Exercise aim:
Set the data down exactly as it stands, and keep its pictures out.

Data shown:
<<<<

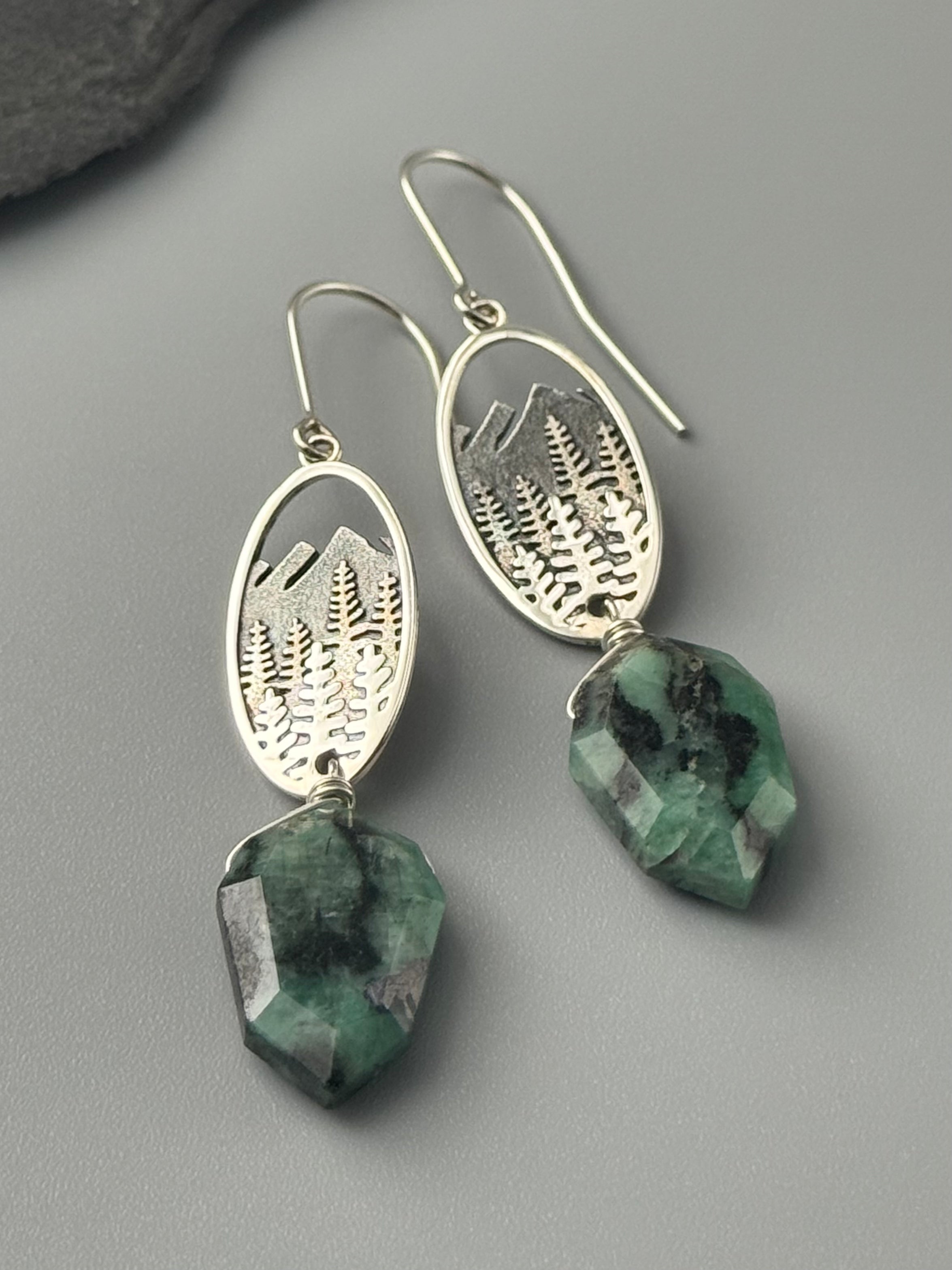 •BLUE RIDGE• emerald + silver dangle earrings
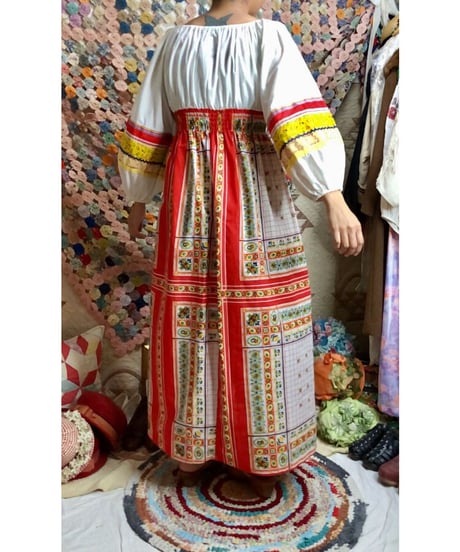 70's balloon sleeve dress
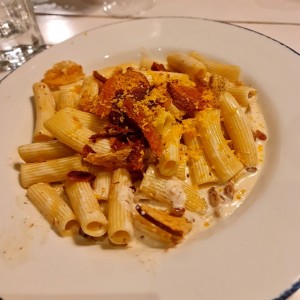 Rigatoni Ni Carbonara Ni Alfredo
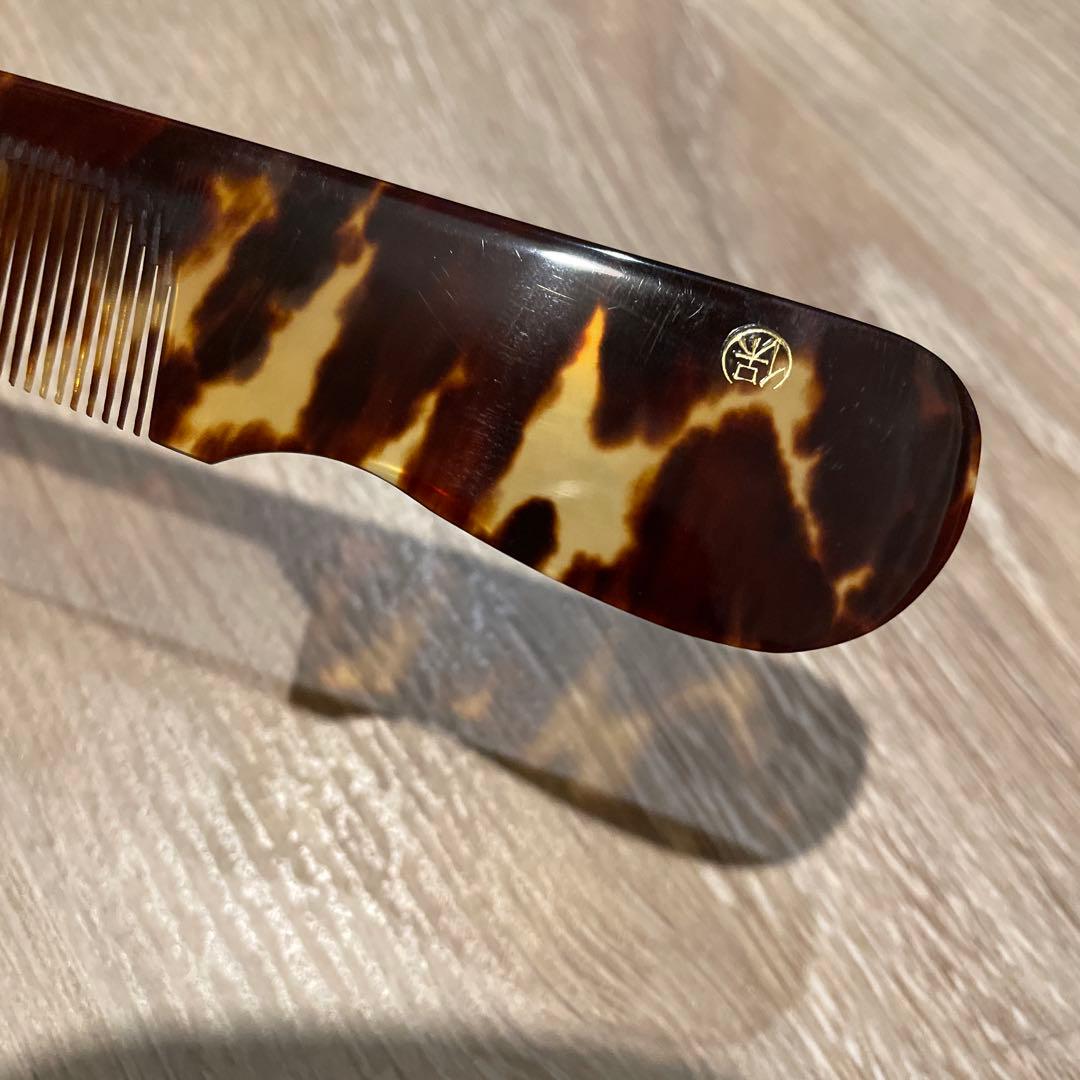 【新品・未使用】本鼈甲　角度櫛　18目　幸保　手付き　仕上げクシ　理容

>>>>

Your solution:
 •BLUE RIDGE• emerald + silver dangle earrings
 70's balloon sleeve dress
 Rigatoni Ni Carbonara Ni Alfredo
 【新品・未使用】本鼈甲　角度櫛　18目　幸保　手付き　仕上げクシ　理容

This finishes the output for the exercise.